Het beroep van [appellant sub 8]
10. [appellant sub 8] voert aan dat aan het plandeel dat betrekking heeft op de bestaande boerderij op zijn perceel - zowel de woning in het voorhuis als het achterhuis - ten onrechte de aanduiding 'cultuurhistorische waarden' is toegekend. Hierbij wijst hij erop dat voor dit gebouw een sloopvergunning is verleend en dat bij het verlenen van die vergunning reeds is vastgesteld dat de boerderij geen cultuurhistorische waarde bezit. Daarnaast betoogt hij dat de bestaande veekraal, mestput en paardenbak ten onrechte niet als zodanig zijn bestemd in het plan. Deze bouwwerken zijn reeds lange tijd aanwezig op zijn perceel en daartegen is volgens [appellant sub 8] door het gemeentebestuur nooit handhavend opgetreden. Aangezien het niet de verwachting is dat deze drie bouwwerken binnen de planperiode zullen worden verwijderd en die bovendien noodzakelijk zijn voor de bedrijfsvoering van het agrarische bedrijf van [appellant sub 8], moeten deze bouwwerken alsnog als zodanig worden bestemd.

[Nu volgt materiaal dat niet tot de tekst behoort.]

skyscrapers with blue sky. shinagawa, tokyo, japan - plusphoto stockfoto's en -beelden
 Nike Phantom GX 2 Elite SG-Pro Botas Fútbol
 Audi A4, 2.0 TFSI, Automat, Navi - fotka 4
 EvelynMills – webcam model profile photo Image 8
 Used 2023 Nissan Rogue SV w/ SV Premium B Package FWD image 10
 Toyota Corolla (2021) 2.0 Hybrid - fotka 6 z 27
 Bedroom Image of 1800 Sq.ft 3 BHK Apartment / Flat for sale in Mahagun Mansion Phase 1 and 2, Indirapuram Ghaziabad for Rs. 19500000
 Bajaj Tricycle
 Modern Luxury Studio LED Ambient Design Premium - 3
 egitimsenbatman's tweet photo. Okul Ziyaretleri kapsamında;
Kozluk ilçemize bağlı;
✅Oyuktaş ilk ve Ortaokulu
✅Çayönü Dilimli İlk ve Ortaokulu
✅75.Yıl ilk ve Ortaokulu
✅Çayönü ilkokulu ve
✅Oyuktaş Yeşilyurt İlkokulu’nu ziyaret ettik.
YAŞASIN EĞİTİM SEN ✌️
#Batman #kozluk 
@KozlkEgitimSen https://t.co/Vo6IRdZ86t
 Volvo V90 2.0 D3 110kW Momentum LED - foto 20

10.1. De raad stelt zich op het standpunt dat de toegekende aanduiding 'cultuurhistorische waarden' niet in de weg staat aan gebruikmaking van de verleende sloopvergunning. Verder stelt de raad dat de aanwezige paardenbak, mestput en veekraal illegaal zijn opgericht en bovendien in de Bethunepolder liggen. Deze polder is aangewezen als waardevol gebied voor zowel de drinkwatervoorziening als voor natuurontwikkeling. Het opnemen van nieuwe agrarisch bouwvlakken past daarom volgens de raad niet in dit gebied. De raad gaat ervan uit - gezien de beperkte ruimte rondom het bedrijf, de milieutechnische mogelijkheden en de huidige bedrijfsactiviteiten - dat het bedrijf van [appellant sub 8] binnen de planperiode zal worden beëindigd en dat daarmee ook deze drie bestaande bouwwerken zullen verdwijnen.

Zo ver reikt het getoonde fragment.